There are a few misconceptions and contradictions here.

I.
"Ultimately, the decision to have an abortion is the no one else's but the woman that is pregnant."

This is not accurate. The woman necessarily (needs) the co-operative decisions of others to implement an abortion, commonly understood. She requires either pills or operations intended to facilitate her purpose ; therefore, she needs the consent of society, as society by no means is under duress to provide her with these things. A woman does not wave a magic wand, as it were, and the baby disappears ; she requires others to help her intervene to end the male or female child's life.

II.
"The government has no place interfering with a person's decision about her body.

This is an imploding statement. Why is an adult female's decisions regarding her body sancrosanct, but the female child's body has no benefit ? We cannot possibly know whether the person in the womb wills to live or die, and it seems a bit presumptuous to assume that they are in accord with their mother's decision. Properly speaking, the subject matter is not the adult female's body, but the body of the human child (whether male or female) existing in her womb.

III.
"When life begins is a philosophical question that the government ought not to be legislating at the stroke of a pen."

You are misinformed. The meaning of life is said to be restricted to being a philosophical question, certainly, and logic certainly plays its parts in many things, including science ; however, the presence of natural life is a measurable and easily, readily ascertainable phenomenon.

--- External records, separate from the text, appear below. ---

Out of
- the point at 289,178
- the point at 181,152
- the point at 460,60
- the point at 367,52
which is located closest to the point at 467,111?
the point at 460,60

Life self-propagates. It grows, expands, replaces, etc., and all natural life requires nourishment of some form or another, or else it ceases. At the moment of conception, life happens, gender is determined, and the DNA - the rubrics of the human being - of this new person is all determined. Everything needed is there, and life is actively happening, growing. We are never more "alive," in a measurable, biological sense, than when we are growing in the womb. It is very easy to see that the child is very much alive.

Pax,

Tim

Edited by Timothy17

"Error has no rights."

"Ab illo benedicaris in cuius honore cremaberis. Amen."

- Pope Pius XI, blessing a Protestant minister upon his request. The blessing is the one used over incense in the Catholic Mass, and translates, "Mayest thou be blessed by Him in Whose honor thou art to be burnt. Amen."

Posted

God is not, therefore, the origin of evil.

I know you religious types don't like KJV Isaiah 45:7,(I form the light, and create darkness: I make peace, and create evil, I the LORD do all these things) as evidenced by the many translations to discredit it. But then you cannot ignore or shirk away from all the "evil" that God partook in or orchestrated in the Old Testament. Can't have it both ways.

Posted
This is not accurate. The woman necessarily (needs) the co-operative decisions of others to implement an abortion, commonly understood. She requires either pills or operations intended to facilitate her purpose ; therefore, she needs the consent of society, as society by no means is under duress to provide her with these things. A woman does not wave a magic wand, as it were, and the baby disappears ; she requires others to help her intervene to end the male or female child's life.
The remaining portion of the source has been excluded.